落ち着いていられず、部屋の中をうろうろする


そう、今日は藤君が家に遊びに来る日で、もう一週間もこの日を待ちわびていたんだ


部屋中隅々まで掃除して、昼食の用意も張り切った
お茶も今日の為に新しいメーカーのものを選んでみた


時計をちらっと見てみる
時刻は12時5分



『ピンポーン』



インターホンが鳴った



「はーい、今行きまーす」


胸を踊らせながら返事をして、パタパタと玄関に向かう

ドアを開けるとコンビニの袋を提げた藤君が立っていた

「やあ、いらっしゃい」

「おう。
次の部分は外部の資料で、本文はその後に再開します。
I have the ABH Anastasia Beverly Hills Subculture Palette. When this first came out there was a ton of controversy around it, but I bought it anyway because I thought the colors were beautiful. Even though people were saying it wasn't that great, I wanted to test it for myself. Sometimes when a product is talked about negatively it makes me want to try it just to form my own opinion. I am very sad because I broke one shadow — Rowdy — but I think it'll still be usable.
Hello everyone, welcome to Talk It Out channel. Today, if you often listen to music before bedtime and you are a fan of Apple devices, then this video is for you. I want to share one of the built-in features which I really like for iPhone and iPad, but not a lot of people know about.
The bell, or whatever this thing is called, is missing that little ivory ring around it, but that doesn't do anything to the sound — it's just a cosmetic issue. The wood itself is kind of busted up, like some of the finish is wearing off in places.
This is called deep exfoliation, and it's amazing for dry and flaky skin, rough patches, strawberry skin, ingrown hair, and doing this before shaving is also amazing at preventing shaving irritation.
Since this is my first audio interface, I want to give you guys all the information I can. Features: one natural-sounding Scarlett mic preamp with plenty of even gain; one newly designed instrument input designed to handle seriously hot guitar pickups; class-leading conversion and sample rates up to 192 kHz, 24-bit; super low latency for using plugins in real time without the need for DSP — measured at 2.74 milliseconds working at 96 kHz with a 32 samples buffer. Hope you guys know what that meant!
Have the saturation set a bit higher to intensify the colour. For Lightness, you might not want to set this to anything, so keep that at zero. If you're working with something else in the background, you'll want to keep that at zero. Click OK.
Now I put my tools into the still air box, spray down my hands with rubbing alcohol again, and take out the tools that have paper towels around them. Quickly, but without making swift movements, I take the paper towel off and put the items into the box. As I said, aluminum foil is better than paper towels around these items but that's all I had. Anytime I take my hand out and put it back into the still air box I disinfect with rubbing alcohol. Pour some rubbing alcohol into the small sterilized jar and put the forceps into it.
これ、コンビニのだけど」

そう言って差し出された袋を受け取って藤君を中に招き入れる

僕の後について部屋に入って来る藤君を見て、ついつい顔がゆるんでしまう


付き合い始めて早半年
彼が僕の家に来るのは初めての事だ

最初は生徒と付き合うことに不安を感じていたけど今となっては彼の小さな仕草や行動すら愛しく思えてしまうものだから、これはかなりの重症だと思う


「逸人」

「ん?何?」

「あれ、なんて花?」

呼ばれて振り返ると、藤君がテーブルの上に生けておいた花を指さしていた


紫の 色鮮やかな花


「ああ、あれは藤の花だよ」

「藤?」

「うん、今日は藤君が来るからと思って買って生けてみたんだ」

「ふーん…」

藤君がしげしげと花を見て、しばらくして僕に向き直る

「なぁ、紛らわしいから俺の事は名前で呼んでくんねぇ?」


唐突な言葉に思わず思考が止まる
そういえば、彼を名前で呼んだことは一度も無かった


「えっ…でも…」


確かに慣れないということもあったけど、何より急に名前で呼ぶのはなんというか…恥ずかしい

なんとなく視線をずらしていると、藤君が僕の腰に抱きついてきた

「なぁ、呼んで?」



『卑怯だよ…』


そんな目で、上目遣いで見られたら
もう断れないじゃないか



「…麓、介?」

恥ずかしくて、それ以上に照れくさくて、小さな声で呼んでみる

「よくできました」

はにかんだように微笑んだその顔を見て、顔が真っ赤になるのが分かった



ああもう、恥ずかしさで消えてしまいそうだ



「逸人、」

「な 何…?」

「好き」


その口から紡がれた告白の言葉

さっきまでの恥ずかしさが一瞬で消えた気がした


「俺、逸人が好き。すげぇ好き。…逸人は?」


真っ直ぐな瞳で見つめてくる彼
答えなんて、とっくに決まっているのに



「僕も、好きだよ。…麓介のこと」



麓介の顔が幸せそうにほころぶ

そして実感する


『愛されてるなぁ、僕』




世界中探したって、今の僕ほど幸せな人間はいるだろうか




世界中に、これ以上の幸せはあるのだろうか







あったとしても
その幸せを、僕は知らない






僕の知っている最高の『幸せ』は
今 この時だけだから






end.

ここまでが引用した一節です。